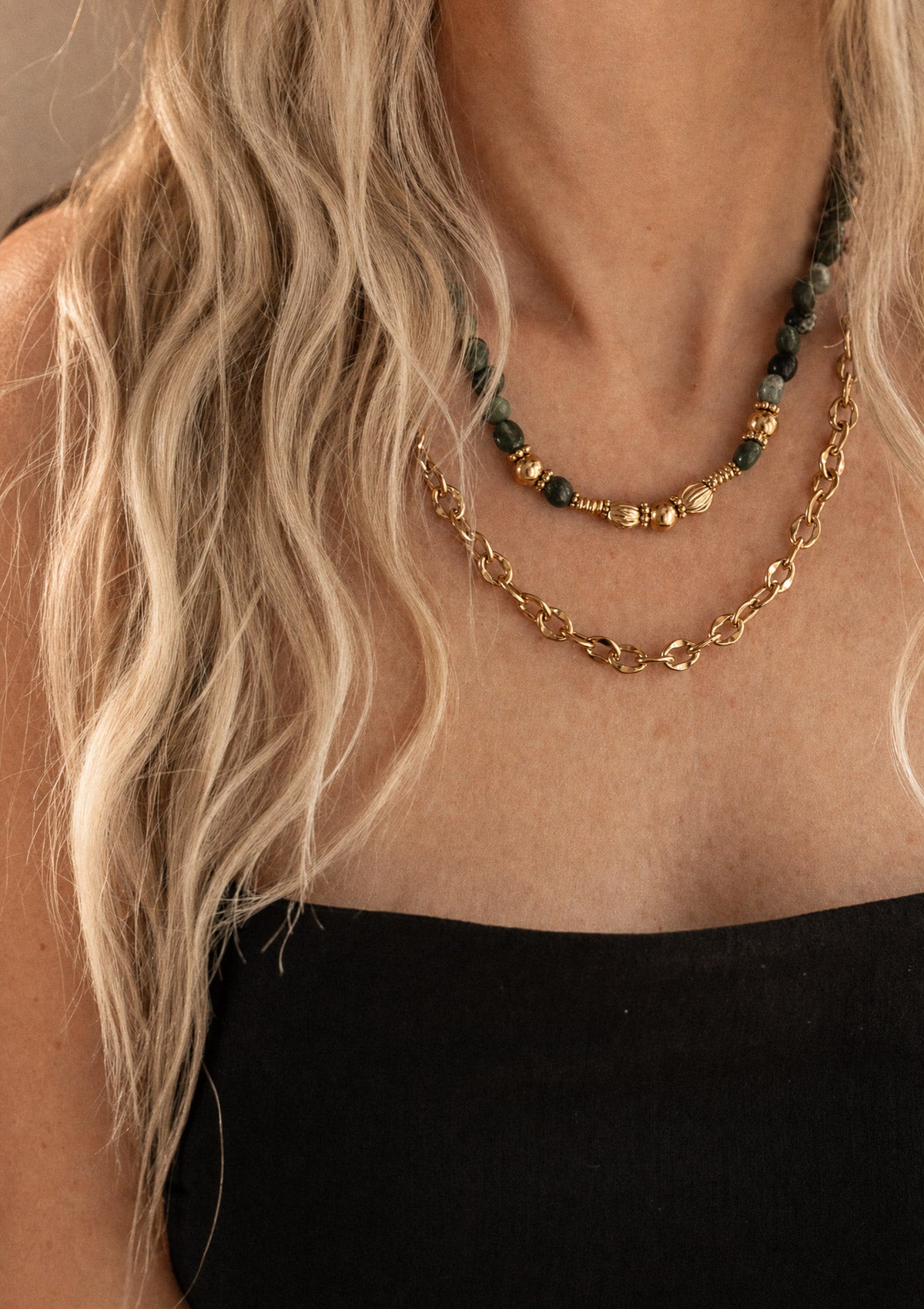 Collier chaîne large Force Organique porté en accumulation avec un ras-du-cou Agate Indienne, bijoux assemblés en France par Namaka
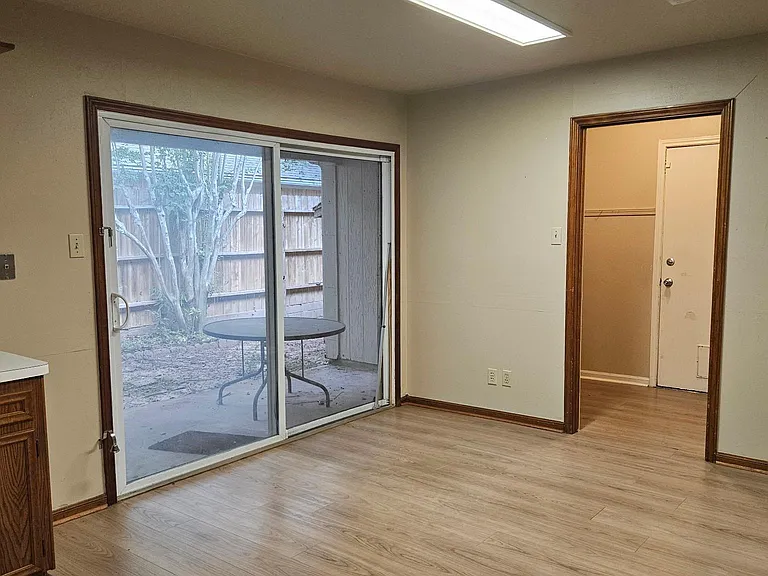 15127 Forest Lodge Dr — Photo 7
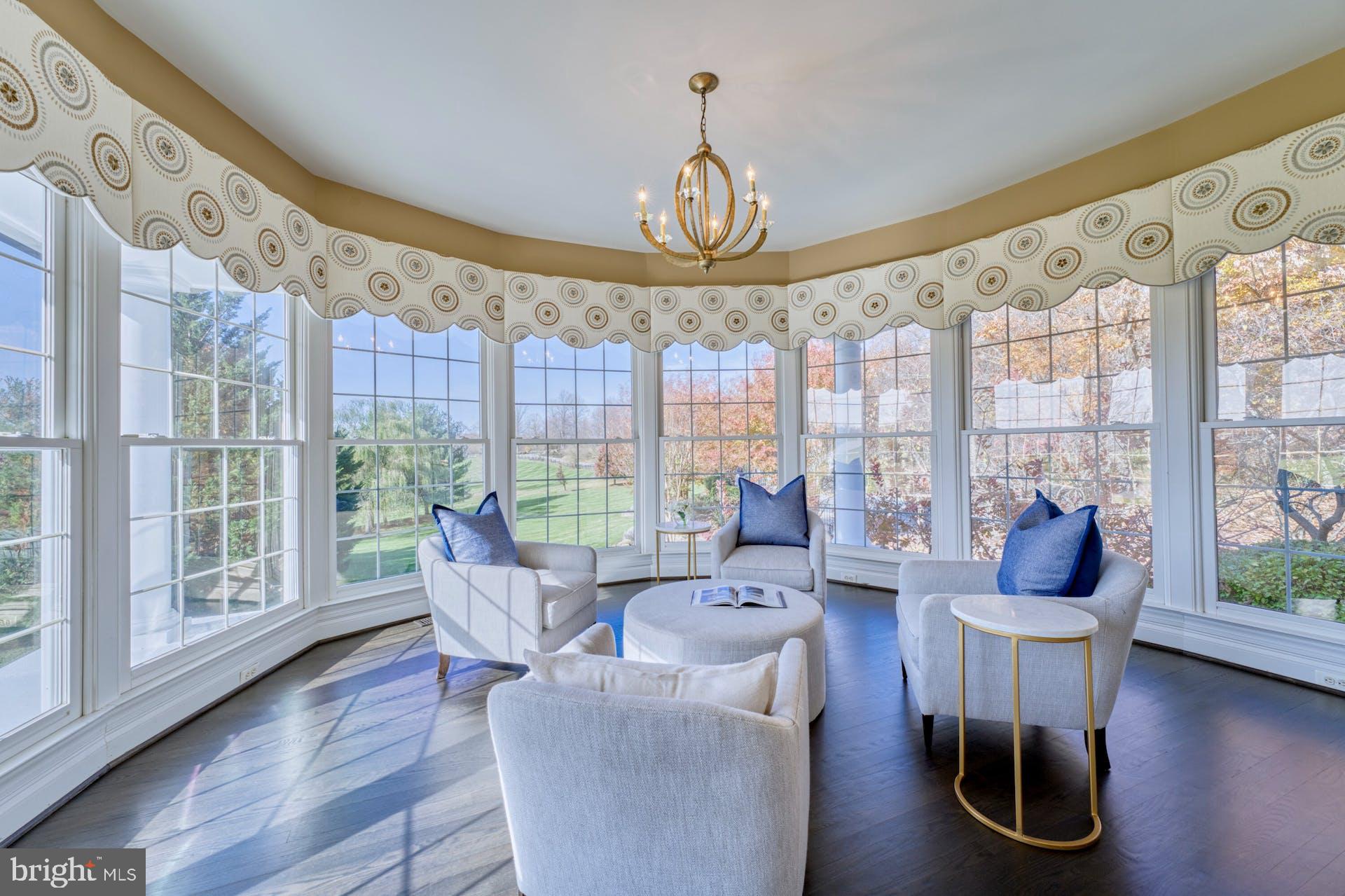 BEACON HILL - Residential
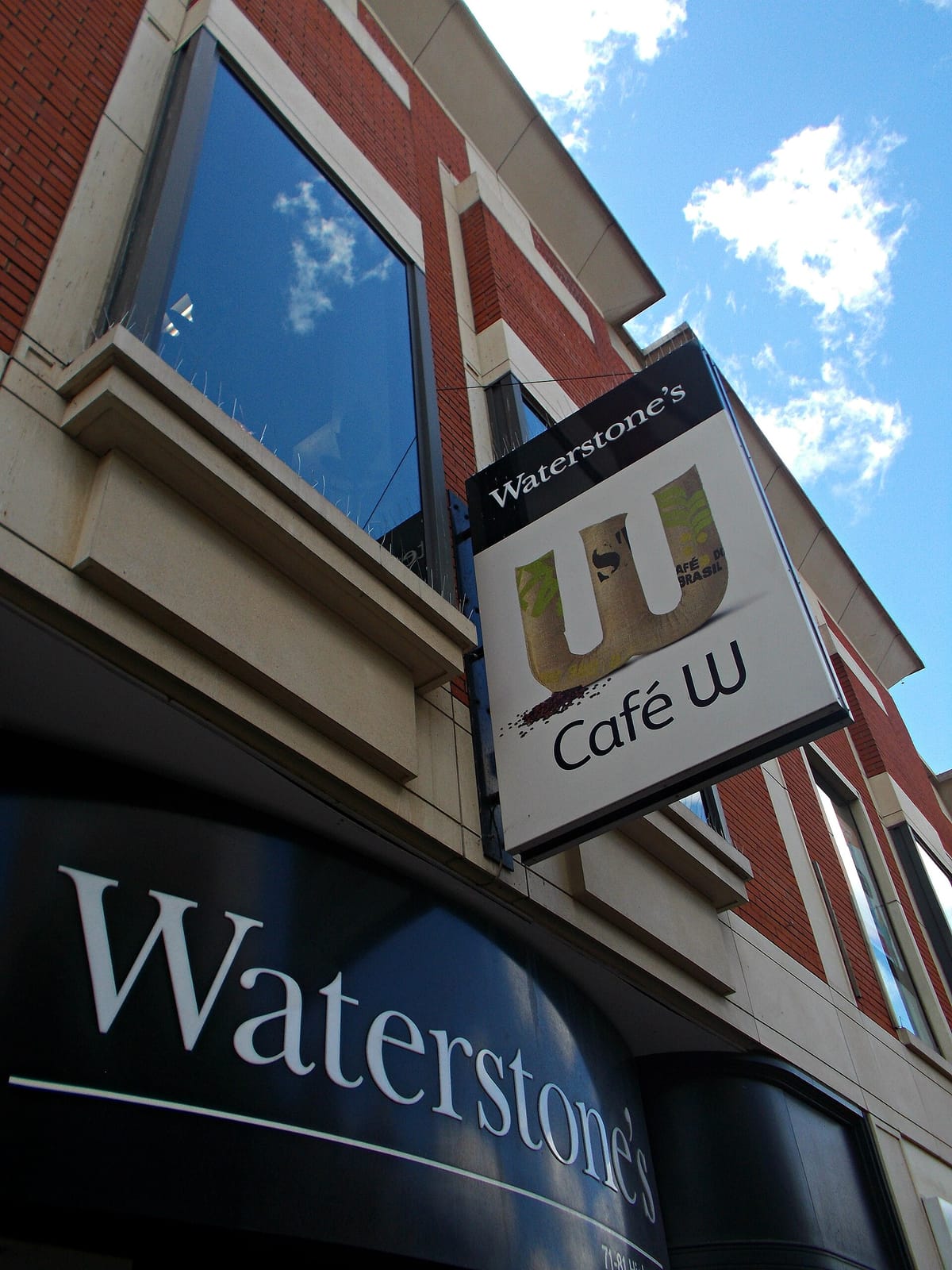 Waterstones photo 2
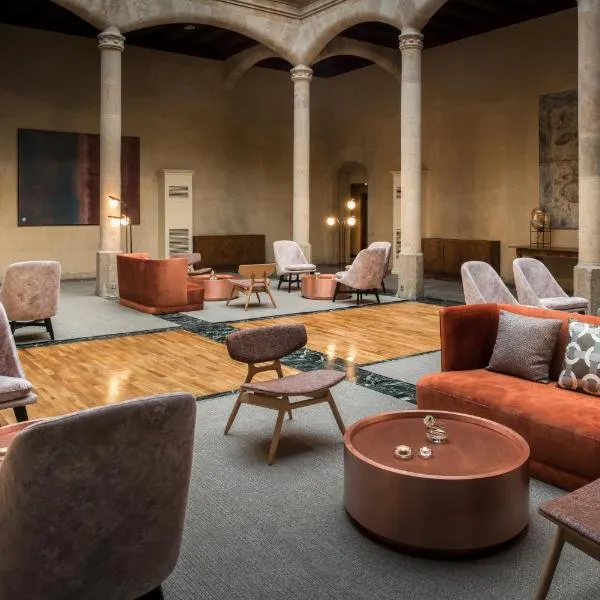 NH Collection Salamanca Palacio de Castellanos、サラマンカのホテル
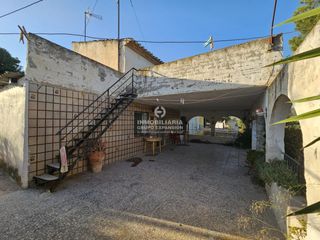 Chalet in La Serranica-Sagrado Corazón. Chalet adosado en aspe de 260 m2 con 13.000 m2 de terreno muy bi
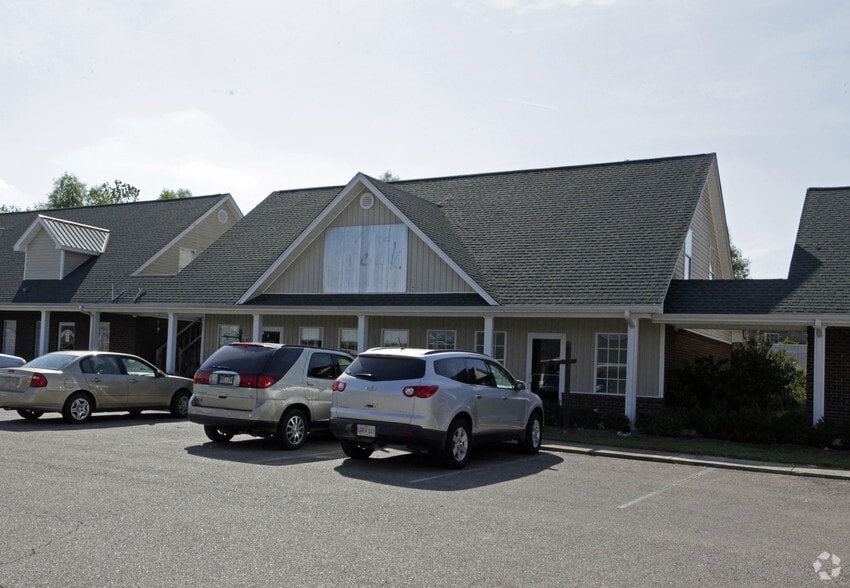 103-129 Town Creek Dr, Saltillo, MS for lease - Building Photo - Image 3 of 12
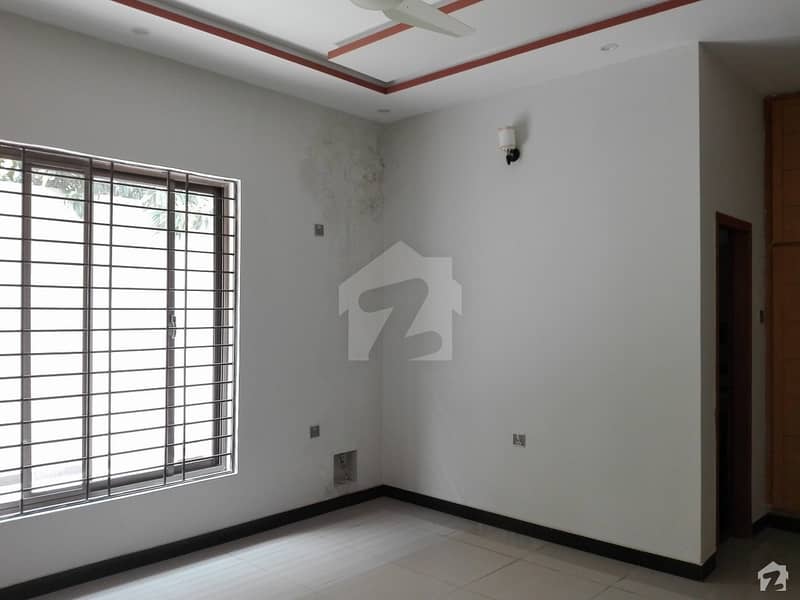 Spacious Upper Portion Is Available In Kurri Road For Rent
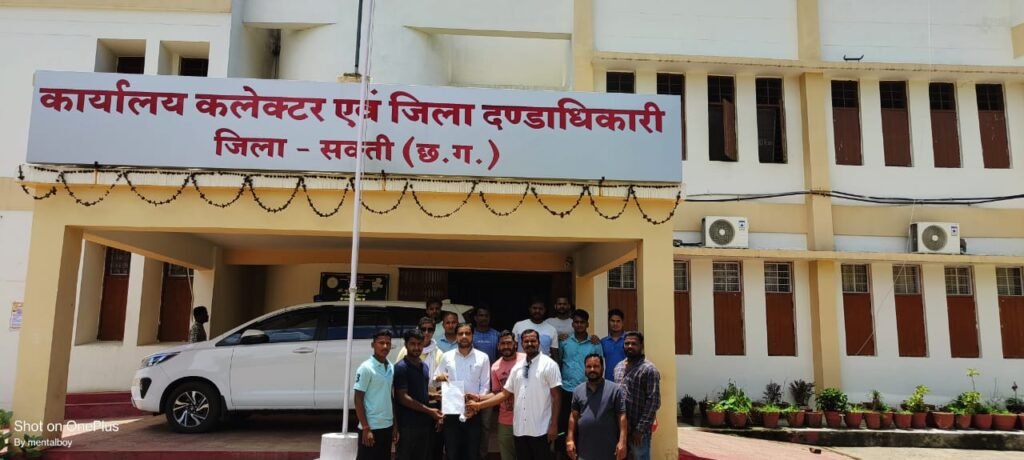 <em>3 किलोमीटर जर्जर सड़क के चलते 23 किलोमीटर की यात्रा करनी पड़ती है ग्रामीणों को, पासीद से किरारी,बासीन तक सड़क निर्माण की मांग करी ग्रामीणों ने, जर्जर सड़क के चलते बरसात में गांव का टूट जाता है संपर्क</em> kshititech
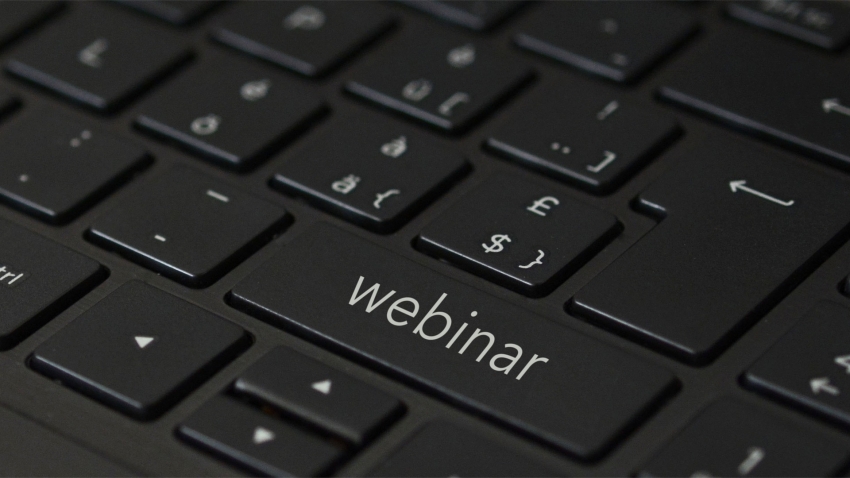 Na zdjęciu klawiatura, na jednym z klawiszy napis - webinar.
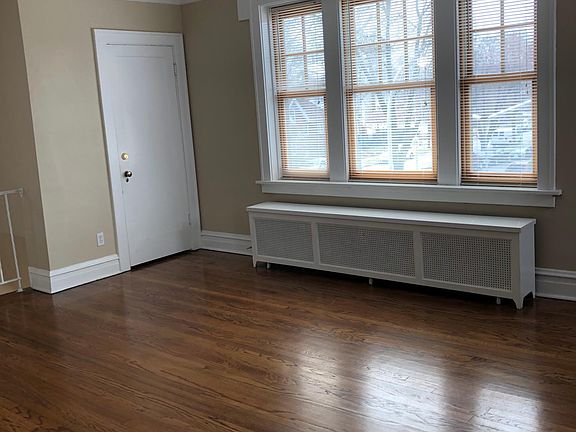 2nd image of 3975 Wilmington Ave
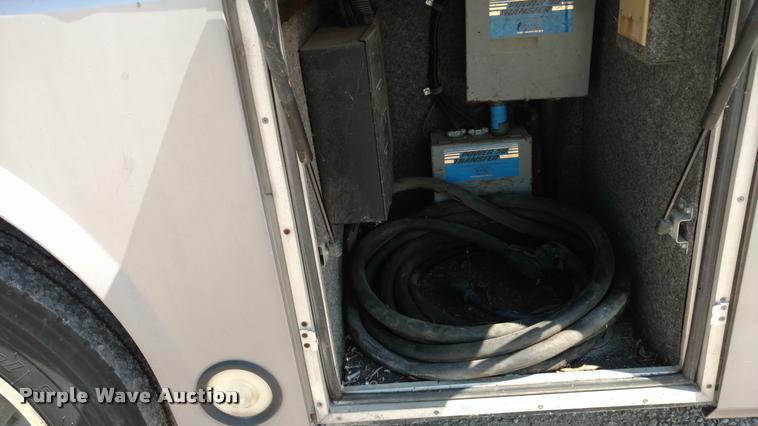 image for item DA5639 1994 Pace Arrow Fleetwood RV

···

What are the lines above from the one with "BEACON HILL - Residential" to the one with "Spacious Upper Portion", both included? Reproduce them exactly, without pictures.

 BEACON HILL - Residential
 Waterstones photo 2
 NH Collection Salamanca Palacio de Castellanos、サラマンカのホテル
 Chalet in La Serranica-Sagrado Corazón. Chalet adosado en aspe de 260 m2 con 13.000 m2 de terreno muy bi
 103-129 Town Creek Dr, Saltillo, MS for lease - Building Photo - Image 3 of 12
 Spacious Upper Portion Is Available In Kurri Road For Rent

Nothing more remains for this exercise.